During the time I was working as a professional artist, in I realised that there were no sacred or supportive spaces for neurodivergent artists, especially women to make art. Studios were often far too expensive or inaccessible and autistic women artists were looked upon as being unprofessional because they did not fit the autistic tick boxes required by the arts organisations who worked with “autistic artists.” We were deemed too “high functioning” and yet, we were excluded from mainstream spaces for reasons they could not explain, we were just unwelcome.


There were no autistic led artistic spaces and yet I knew so many autistic women artists who were at home, isolated, and also being prolific artists, but nobody knew about them because they did not have an audience or place to come to to make and share art. I wanted to change this. In 2019, I went about developing this model so that neurodivergent women and non binary artists could spend 2 hours together making art or writing (thus stimming together through attending to practice) and then share their work. During this time, they could stim through practice. I noticed that when autistic/neurodivergent artists came together to stim and make art together, or write together that this is when the collective unconscious (Jung, 1936) became the most powerful, and further, a silent collaboration was happening to a point where we all became this one strong voice. It never felt like people were copying each other, but instead, they were working together in a way that felt autonomous and this was because the environment was accessible and was offering them the freedom to make and create in ways of their choosing, and our stimming was reaching a crescendo of flow. Working with other autistic artists was recharging for our practice.

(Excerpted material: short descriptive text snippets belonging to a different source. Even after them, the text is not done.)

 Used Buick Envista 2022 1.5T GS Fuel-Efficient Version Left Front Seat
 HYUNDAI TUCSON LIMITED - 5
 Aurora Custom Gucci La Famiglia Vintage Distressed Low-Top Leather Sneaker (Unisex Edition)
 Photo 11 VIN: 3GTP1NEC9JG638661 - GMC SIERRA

Just like when I mentored autistic clients, there was a sense of being recharged and excited for the work. This in turn supported my own arts practice and I began to become even more prolific. I would later also offer online workshops called “Magical Journeys” where I would take a group of women/non binary artists on journeys through storytelling and visualisations with composed soundscapes. These visceral journeys gave neurodivergent artists the possibility of journeying - we spend so much time in our heads that journeying gives the possibility of creating environments and then reacting or responding to them through the art materials. The very environment I created in order to make making art in the space accessible was a sense of being held, but also being able to have the camera on or off, being able to offer feedback to people in the circle through the chat, through writing to the support worker in the room or verbally.

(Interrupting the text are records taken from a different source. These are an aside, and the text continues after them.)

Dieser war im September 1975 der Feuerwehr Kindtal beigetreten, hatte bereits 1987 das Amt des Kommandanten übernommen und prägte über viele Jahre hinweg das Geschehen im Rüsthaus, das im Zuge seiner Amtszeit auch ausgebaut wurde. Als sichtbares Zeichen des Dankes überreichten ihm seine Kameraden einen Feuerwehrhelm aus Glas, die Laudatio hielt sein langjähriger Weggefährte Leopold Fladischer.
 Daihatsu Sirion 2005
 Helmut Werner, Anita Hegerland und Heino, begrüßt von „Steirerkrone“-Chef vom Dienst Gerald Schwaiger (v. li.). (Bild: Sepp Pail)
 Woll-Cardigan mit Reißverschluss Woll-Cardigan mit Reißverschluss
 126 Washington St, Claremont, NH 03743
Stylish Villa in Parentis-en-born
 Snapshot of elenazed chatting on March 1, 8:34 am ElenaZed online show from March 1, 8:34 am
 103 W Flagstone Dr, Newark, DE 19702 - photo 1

Often the feedback we asked for was not of a good/bad kind of answer, but instead of a “what images did you see? What feelings came up? What did you create in response to what they created?” and this added to an everlasting flow of discussion and encouragement between everyone in the group, so that we were each holding one another in a way that was expressive, gentle and compassionate. Soon clients wanted to use these soundscapes for their own personal journeys, they used them to listen to help them to sleep, to go back to an environment where they felt a sense of belonging and they sometimes shared these journeys with their neurodivergent children and commented on how a deep sense of calm would wave over them giving them either the best night’s sleep, or an opportunity for them to connect in ways that they had struggled with for a while.